Given data:
-------------------------

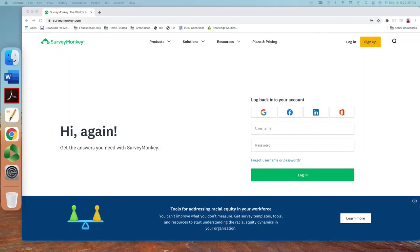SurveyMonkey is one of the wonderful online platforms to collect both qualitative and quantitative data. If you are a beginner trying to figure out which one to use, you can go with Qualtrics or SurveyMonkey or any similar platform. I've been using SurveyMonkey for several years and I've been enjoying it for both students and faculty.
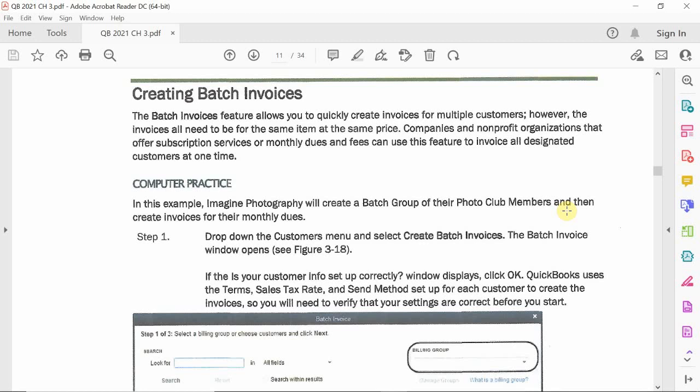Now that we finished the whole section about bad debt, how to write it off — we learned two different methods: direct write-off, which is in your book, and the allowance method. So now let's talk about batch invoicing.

-------------------------

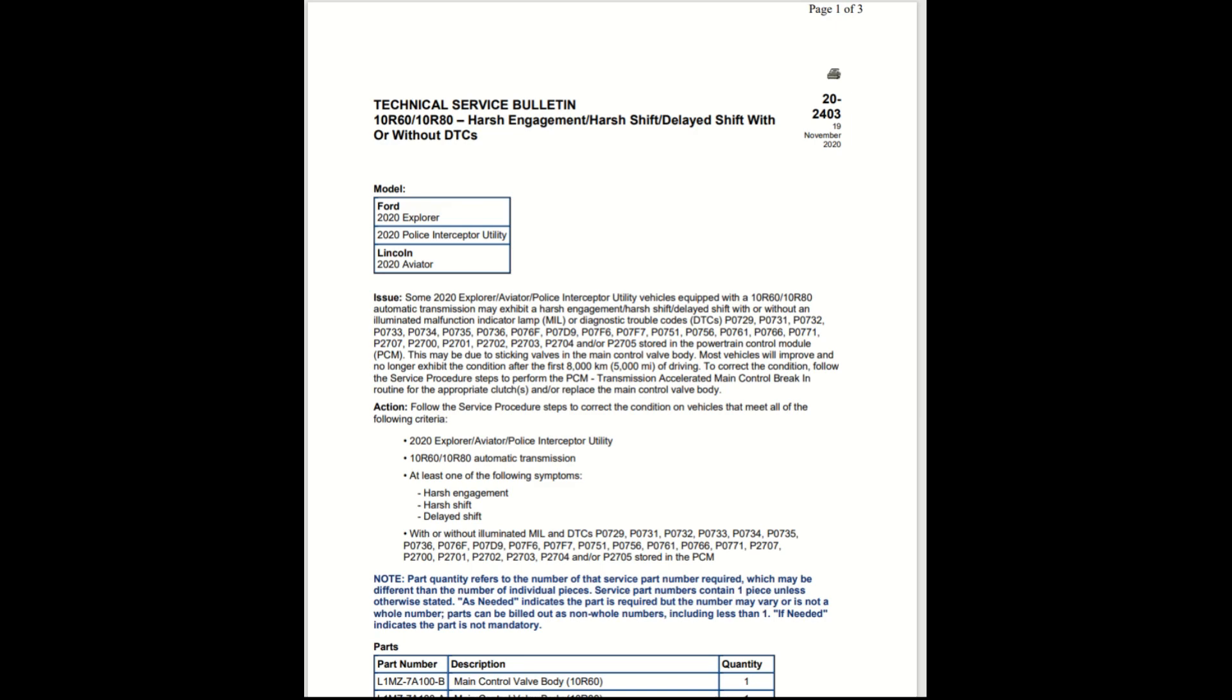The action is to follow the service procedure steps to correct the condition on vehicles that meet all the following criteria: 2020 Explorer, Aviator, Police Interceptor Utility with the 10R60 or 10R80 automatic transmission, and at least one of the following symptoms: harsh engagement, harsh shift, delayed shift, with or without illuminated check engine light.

-------------------------

What the exercise asks:
Your task is to copy only the lines above starting at the one containing "SurveyMonkey is one" and ending at the one containing "Now that we". Copy them exactly, both ends included, and omit the pictures.

Task response:
SurveyMonkey is one of the wonderful online platforms to collect both qualitative and quantitative data. If you are a beginner trying to figure out which one to use, you can go with Qualtrics or SurveyMonkey or any similar platform. I've been using SurveyMonkey for several years and I've been enjoying it for both students and faculty.
Now that we finished the whole section about bad debt, how to write it off — we learned two different methods: direct write-off, which is in your book, and the allowance method. So now let's talk about batch invoicing.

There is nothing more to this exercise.